Tripp Vinson and Michael Seitzman informed The Hollywood Reporter on Jan. 7 that they got the idea for the CBS series -- about a U.S. intelligence operative who gets a microchip in his brain -- from a script titled The Dissident.
"There were way too many competing projects at the Hollywood studios to pursue it as a feature," Vinson said. "But I had started to think about getting involved in television: 'Why not take this?' I gave the manuscript to Michael Seitzman- he and I were friends."
Seitzman loved the story and came up with the plan that the series would start where the book ends. Together the duo developed a character they changed "pretty significantly" from the manuscript.
"The powers of [lead character] Gabriel were something Michael and I cooked up," Vinson said. "In the book, the hero has superstrength and superspeed.
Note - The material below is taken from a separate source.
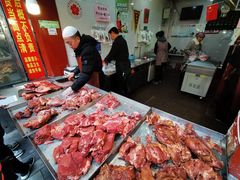 -刘纪孝腊牛羊肉(北广济街店)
Those are traits you see a lot of superhero movies and Michael was really trying to find something different to do."
The unpublished manuscript, by John Dixon, is now a book titled Phoenix Island. It will be published Jan. 21 via Simon & Schuster.
The original script had a prison storyline the team also didn't want to include in the television series.
"The book dealt with creating superstrength in prisoners by augmenting them in a certain way," Seitzman said. "And the more I was reading the less interested I was in superstrength and more interested in what I thought was the next step in augmented humanity, which would be connecting you directly to the global information grid."
Starring Lost's Josh Holloway, Intelligence premieres Tuesday at 9 p.m. ET on CBS.